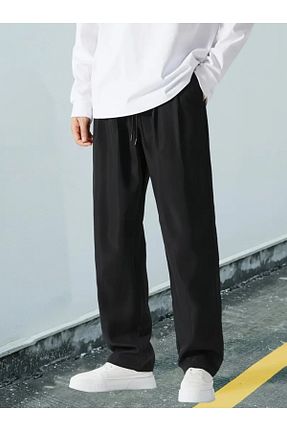 شلوار رنگی زنانه پنبه - الاستین yx yustex sport - کد 885488146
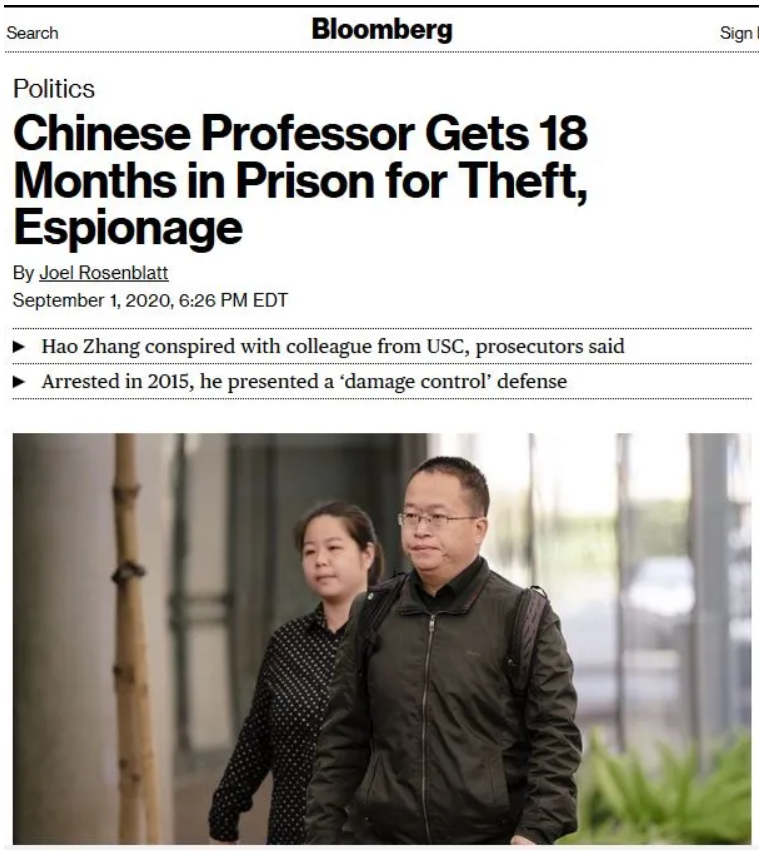 图1.png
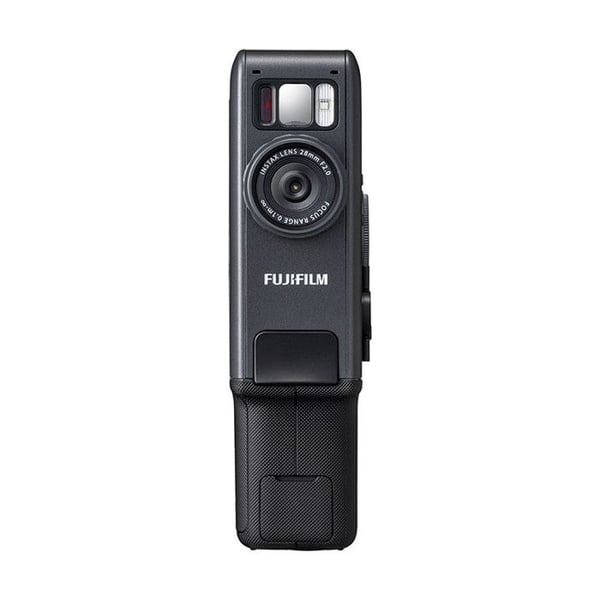 FUJIFILM Instax Mini Evo Bio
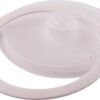 CUP GASKET FOR SG MP200 SPRAY GUN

**Task requirements:**
What the answer needs is every line from the one containing "FUJIFILM Instax Mini Evo Bio" through the final line of the data above, copied exactly, without pictures.

**Answer to the exercise:**
 FUJIFILM Instax Mini Evo Bio
 CUP GASKET FOR SG MP200 SPRAY GUN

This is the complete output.